Thesis Committee: Eric Xing, chair, John Lafferty, Zoubin Ghahramani, Alexander J. Smola


Online content have become an important medium to disseminate information and express opinions. With the proliferation of online document collections, users are faced with the problem of missing the big picture in a sea of irrelevant and/or diverse content. In this thesis, we addresses the problem of information organization of online document collections, and provide algorithms that create a structured representation of the otherwise unstructured content. We leverage the expressiveness of latent probabilistic models (e.g. topic models) and non-parametric Bayes techniques (e.g. Dirichlet processes), and give online and distributed inference algorithms that scale to terabyte datasets and adapt the inferred representation with the arrival of new documents. Throughout the thesis, we consider two different domains: research publications and social media (news articles and blog posts); and focus on modeling two facets of contnet: temporal dynamics and structural correspondence.
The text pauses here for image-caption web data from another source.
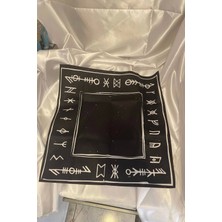 PremiumPort El Işi Rune Sembol Taşları Sunak Örtüsü, Enerji ve Denge Için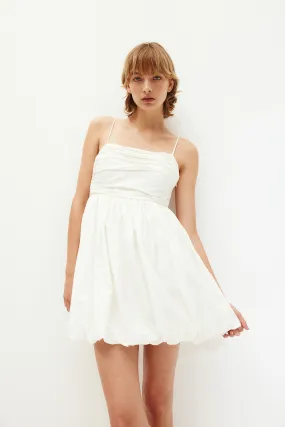 Bubble-hem Dress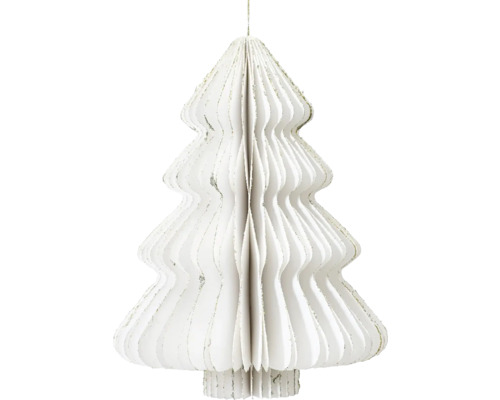 Papierový vianočný stromček na zavesenie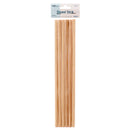 Craft Wood Dowel Stick 6Ct 12" X 0.35" Natural Clr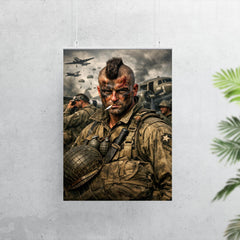 Filthy Thirteen Mohawk haircut before D Day jump poster 7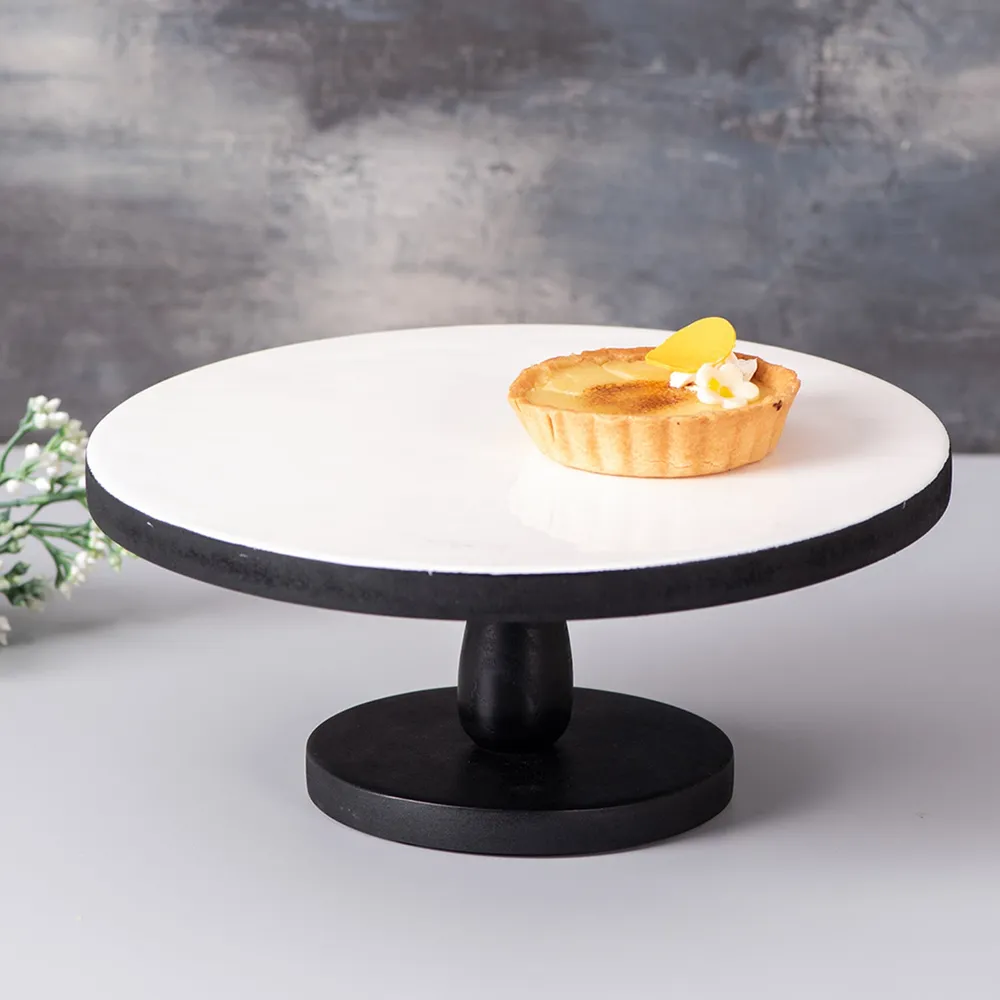 Black & White Classic MDF Cake Stand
To model the temporal dynamics of document collections, we introduce a nonparametric Bayes model that we call the recurrent Chinese restaurant process (RCRP). RCRP is a framework for modeling complex longitudinal data, in which the number of mixture components at each time point is unbounded. On top of this process, we develop a hierarchical extension and use it to build an infinite dynamic topic model that recovers the timeline of ideas in research publications. Despite the expressiveness of the aforementioned model, it fails to capture the essential element of dynamics in social media: stories. To remedy this, we developed a multi-resolution model that treats stories as a first-citizen object and combines long-term, high-level topics with short-lived, tightly-focused storylines. Inference in the new model is carried out via a sequential Monte Carlo algorithm that processes new documents on real time.

We then consider the problem of structural correspondence in document collections both across modalities and communities. In research publications, this problem arises due to the multi-modalities of research papers and the pressing need for developing systems that can retrieve relevant documents based on any of these modalities (e.g. figures, text, named entities, to name a few). In social media this problem arises due to ideological bias of the document’s author that mixes facts with opinions. For both problems we develop a series of factored models. In research publications, the developed model represents ideas across modalities and as such can solve the aforementioned retrieval problem. In social media, the model contrasts the same idea across different ideologies, and as such can explain the bias of a given document on a topical-level and help the user staying informed by providing documents that express alternative views.

Finally, we address the problem of inferring users’ intent when they interact with document collections, and how this intent changes over time. The induced user model can then be used in matching users with relevant content.